**YOUR TASK**. Copy out the whole listing exactly as given. Skip the pictures.

**RECORDED INFORMATION**.
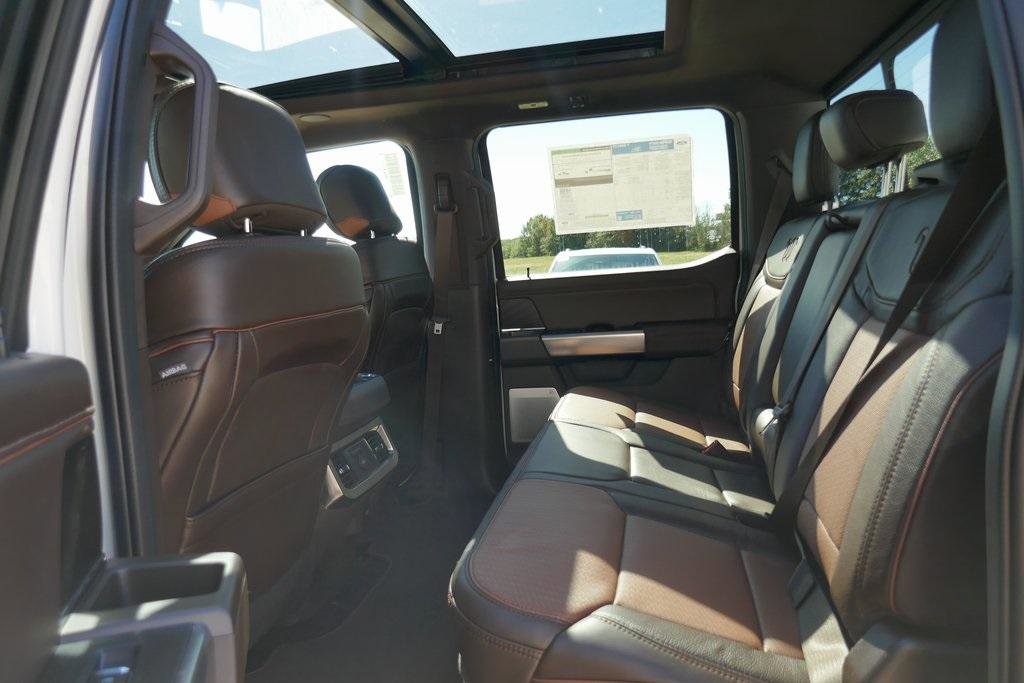 New 2026 Ford F350 King Ranch w/ Chrome Package image 13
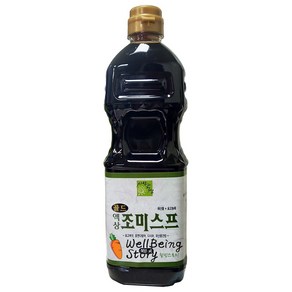 사랑과정성 조미스프 (900ml), 900ml, 1개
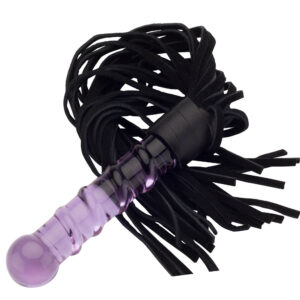 Glas Peitsche Mini purple Secret-4260404171225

**ANSWER FOR THIS EXERCISE**.
 New 2026 Ford F350 King Ranch w/ Chrome Package image 13
 사랑과정성 조미스프 (900ml), 900ml, 1개
 Glas Peitsche Mini purple Secret-4260404171225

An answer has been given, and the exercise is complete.